CS 395 Assignment #1: Getting Started


For this assignment, you will explore a dataset to see what you can uncover.

I have placed a copy of the dataset titled "census-income" in the directory /Accounts/courses/cs395/dmusican/census-income.data. A dictionary for this dataset can be found in the file census-income.names, in the same directory. Your goal is to learn everything that you can about the dataset. Answer the following questions as a starting point, but you should dig further. What more can you discover?

Starting questions:

How many records are there?
How many features are there?
How many features are continuous, and how many are nominal?
For the continuous features, what are the average, median, maximum, and minimum values?
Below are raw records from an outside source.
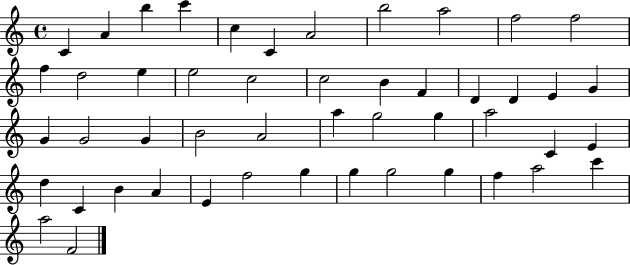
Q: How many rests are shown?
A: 0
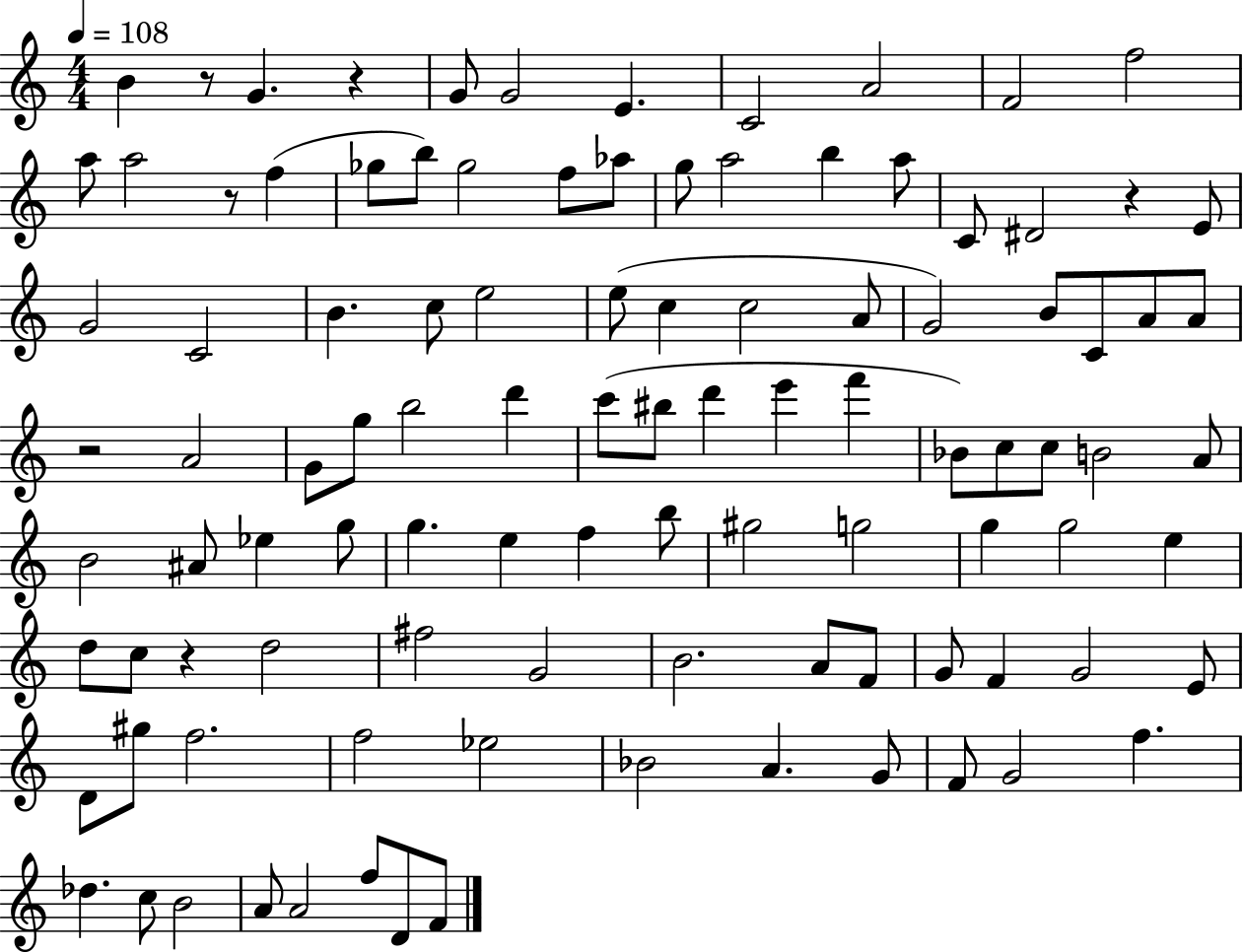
X:1
T:Untitled
M:4/4
L:1/4
K:C
B z/2 G z G/2 G2 E C2 A2 F2 f2 a/2 a2 z/2 f _g/2 b/2 _g2 f/2 _a/2 g/2 a2 b a/2 C/2 ^D2 z E/2 G2 C2 B c/2 e2 e/2 c c2 A/2 G2 B/2 C/2 A/2 A/2 z2 A2 G/2 g/2 b2 d' c'/2 ^b/2 d' e' f' _B/2 c/2 c/2 B2 A/2 B2 ^A/2 _e g/2 g e f b/2 ^g2 g2 g g2 e d/2 c/2 z d2 ^f2 G2 B2 A/2 F/2 G/2 F G2 E/2 D/2 ^g/2 f2 f2 _e2 _B2 A G/2 F/2 G2 f _d c/2 B2 A/2 A2 f/2 D/2 F/2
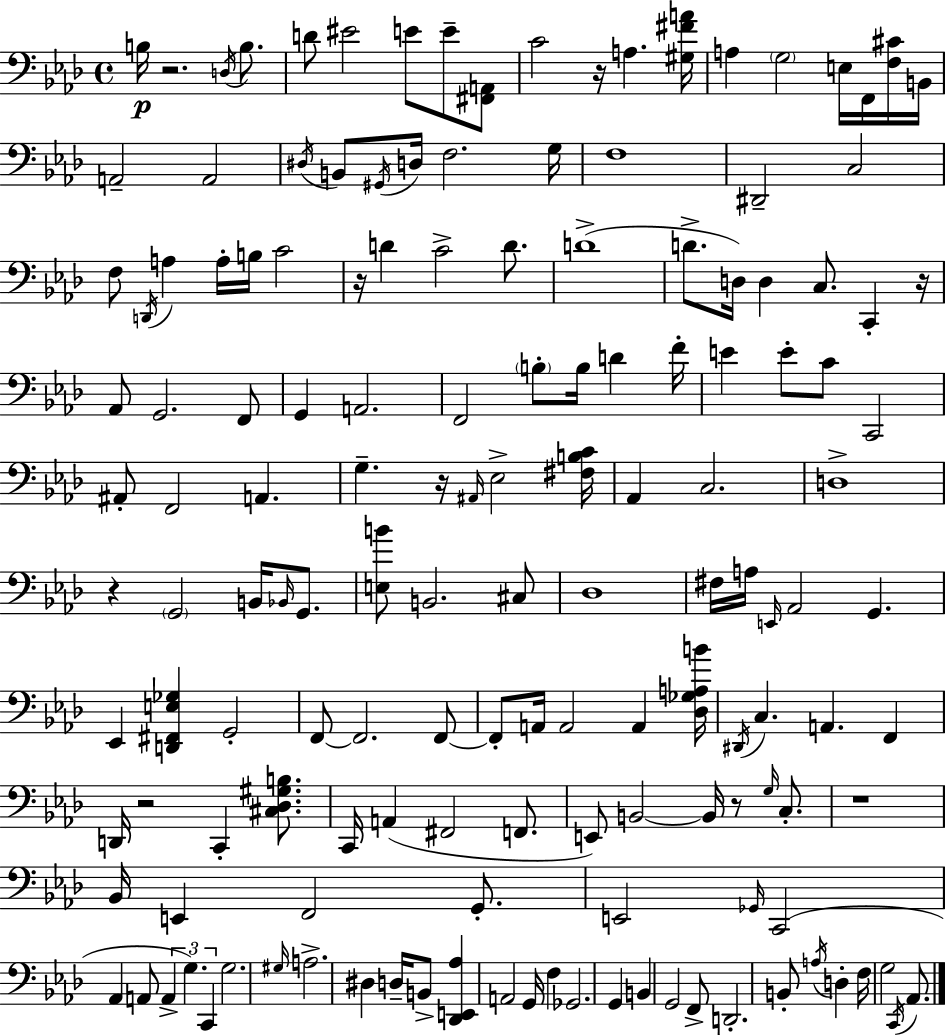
{
  \clef bass
  \time 4/4
  \defaultTimeSignature
  \key f \minor
  b16\p r2. \acciaccatura { d16 } b8. | d'8 eis'2 e'8 e'8-- <fis, a,>8 | c'2 r16 a4. | <gis fis' a'>16 a4 \parenthesize g2 e16 f,16 <f cis'>16 | \break b,16 a,2-- a,2 | \acciaccatura { dis16 } b,8 \acciaccatura { gis,16 } d16 f2. | g16 f1 | dis,2-- c2 | \break f8 \acciaccatura { d,16 } a4 a16-. b16 c'2 | r16 d'4 c'2-> | d'8. d'1->( | d'8.-> d16) d4 c8. c,4-. | \break r16 aes,8 g,2. | f,8 g,4 a,2. | f,2 \parenthesize b8-. b16 d'4 | f'16-. e'4 e'8-. c'8 c,2 | \break ais,8-. f,2 a,4. | g4.-- r16 \grace { ais,16 } ees2-> | <fis b c'>16 aes,4 c2. | d1-> | \break r4 \parenthesize g,2 | b,16 \grace { bes,16 } g,8. <e b'>8 b,2. | cis8 des1 | fis16 a16 \grace { e,16 } aes,2 | \break g,4. ees,4 <d, fis, e ges>4 g,2-. | f,8~~ f,2. | f,8~~ f,8-. a,16 a,2 | a,4 <des ges a b'>16 \acciaccatura { dis,16 } c4. a,4. | \break f,4 d,16 r2 | c,4-. <cis des gis b>8. c,16 a,4( fis,2 | f,8. e,8) b,2~~ | b,16 r8 \grace { g16 } c8.-. r1 | \break bes,16 e,4 f,2 | g,8.-. e,2 | \grace { ges,16 } c,2( aes,4 a,8 | \tuplet 3/2 { a,4-> g4.) c,4 } g2. | \break \grace { gis16 } a2.-> | dis4 d16-- b,8-> <des, e, aes>4 | a,2 g,16 f4 ges,2. | g,4 b,4 | \break g,2 f,8-> d,2.-. | b,8-. \acciaccatura { a16 } d4-. | f16 g2 \acciaccatura { c,16 } aes,8. \bar "|."
}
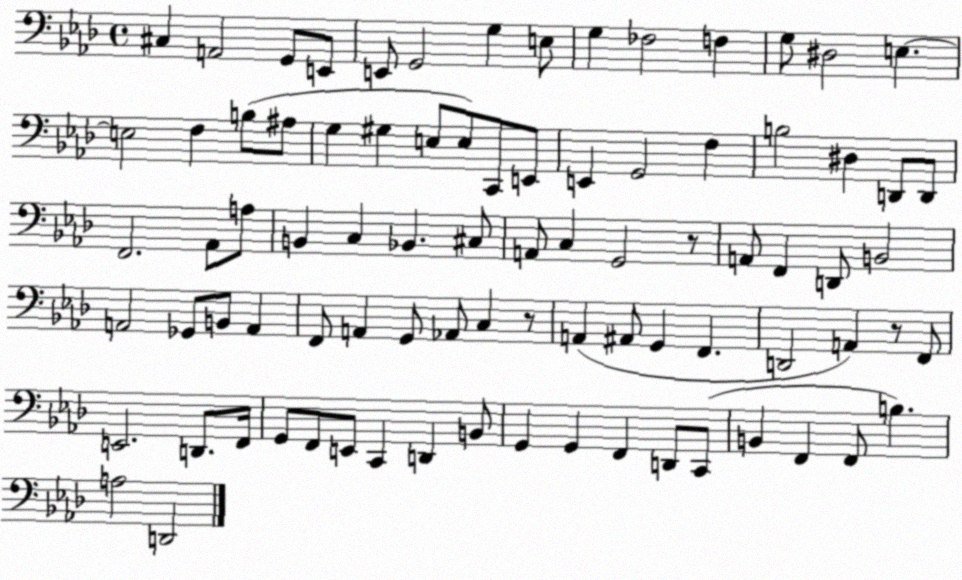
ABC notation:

X:1
T:Untitled
M:4/4
L:1/4
K:Ab
^C, A,,2 G,,/2 E,,/2 E,,/2 G,,2 G, E,/2 G, _F,2 F, G,/2 ^D,2 E, E,2 F, B,/2 ^A,/2 G, ^G, E,/2 E,/2 C,,/2 E,,/2 E,, G,,2 F, B,2 ^D, D,,/2 D,,/2 F,,2 _A,,/2 A,/2 B,, C, _B,, ^C,/2 A,,/2 C, G,,2 z/2 A,,/2 F,, D,,/2 B,,2 A,,2 _G,,/2 B,,/2 A,, F,,/2 A,, G,,/2 _A,,/2 C, z/2 A,, ^A,,/2 G,, F,, D,,2 A,, z/2 F,,/2 E,,2 D,,/2 F,,/4 G,,/2 F,,/2 E,,/2 C,, D,, B,,/2 G,, G,, F,, D,,/2 C,,/2 B,, F,, F,,/2 B, A,2 D,,2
What is the variance?
For the continuous features, use Mathematica or some other plotting tool to make 2-dimensional scatter plots of two features at a time. What relationships can you find?

You should submit a paper document describing what you discover.

The following is an example of a session with Octave to make a
scatterplot.

Here is my data file, called "example.data":

# name: example
# type: matrix
# rows: 5
# columns: 2
1 1
2 3
3 4
5 6
2 9


Here is my Octave session:

prism> octave
GNU Octave, version 2.1.35 (i386-redhat-linux-gnu).
Copyright (C) 1996, 1997, 1998, 1999, 2000, 2001 John W. Eaton.
This is free software with ABSOLUTELY NO WARRANTY.
For details, type `warranty'.

*** This is a development version of Octave.  Development releases
*** are provided for people who want to help test, debug, and improve
*** Octave.
***
*** If you want a stable, well-tested version of Octave, you should be
*** using one of the stable releases (when this development release
*** was made, the latest stable version was 2.0.16).

octave:1> load -force -ascii "example.data"
octave:2> plot(example(:,1),example(:,2),'k@')

To print your plot:

octave:3> gset term postscript
octave:4> gset output "output.ps"
octave:5> replot

This replots your plot, but dumps it to a postscript file called
"output.ps". You can then go out to a Linux prompt and type "lpr
output.ps" to dump it to the printer.

To rewire Octave to go the screen again:

octave:6> gset term X11
octave:7> replot      


Alternatively, if your postscript files are coming out too large, you can instead dump your plot to a png file:

octave:8> gset term png
octave:9> gset output "output.png"
octave:10> replot

You can then open output.png in Mozilla, and print it out from there.